* **EXCERPTED DATA**:
........
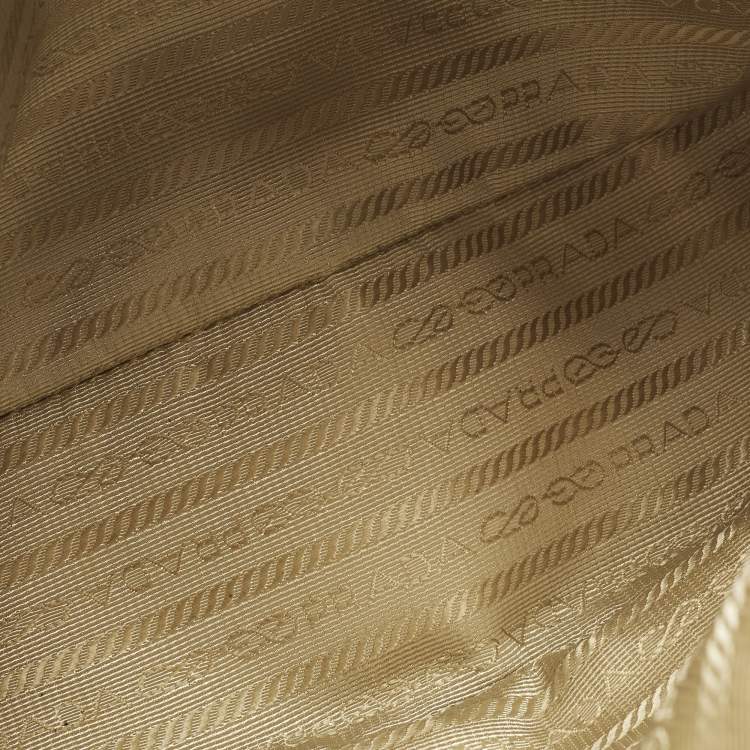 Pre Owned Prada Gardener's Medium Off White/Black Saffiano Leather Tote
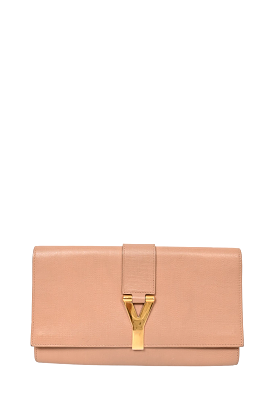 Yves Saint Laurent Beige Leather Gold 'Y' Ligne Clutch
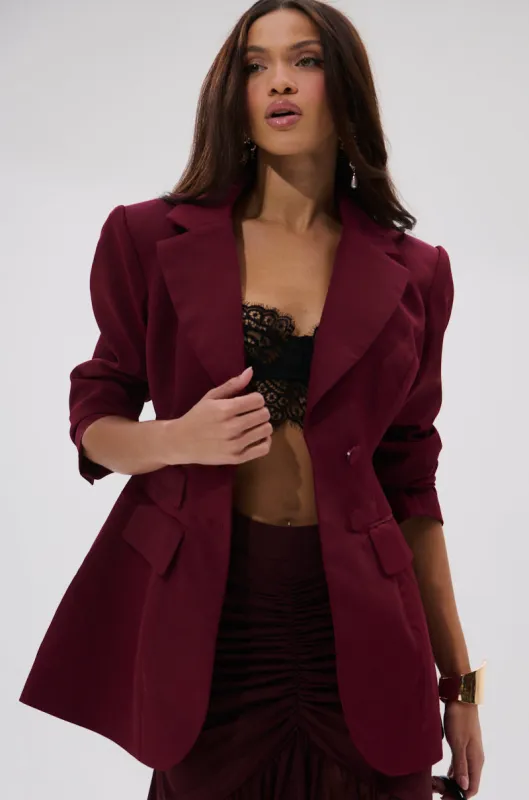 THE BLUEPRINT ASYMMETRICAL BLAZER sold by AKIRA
........
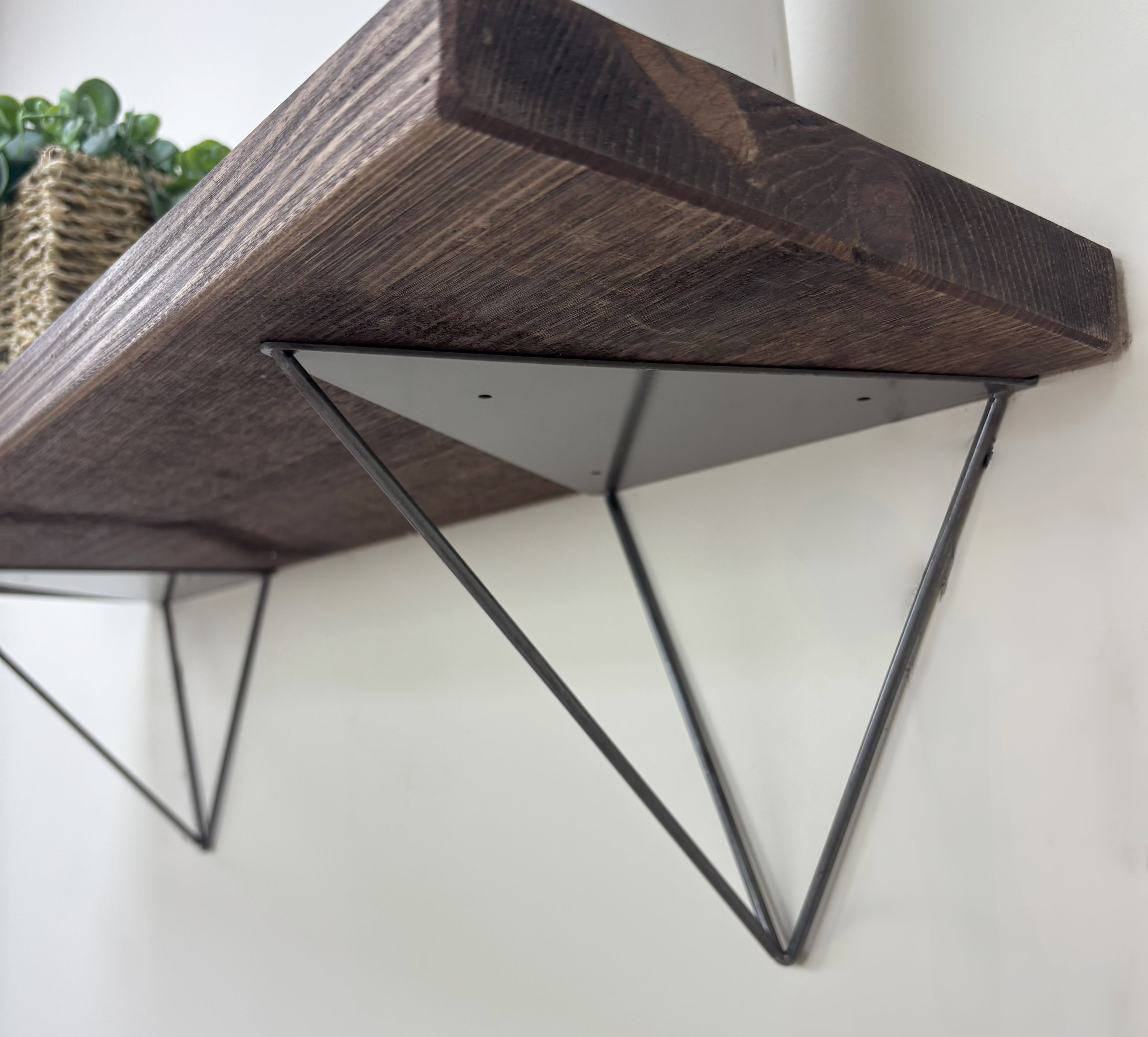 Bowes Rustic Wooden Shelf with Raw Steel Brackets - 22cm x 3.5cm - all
........
* **ACTIVITY**: Using the entries above, transcribe exactly from the line that has "Pre Owned Prada" through the line that has "THE BLUEPRINT ASYMMETRICAL". Pictures are dropped.

* **EXERCISE SOLUTION**:
 Pre Owned Prada Gardener's Medium Off White/Black Saffiano Leather Tote
 Yves Saint Laurent Beige Leather Gold 'Y' Ligne Clutch
 THE BLUEPRINT ASYMMETRICAL BLAZER sold by AKIRA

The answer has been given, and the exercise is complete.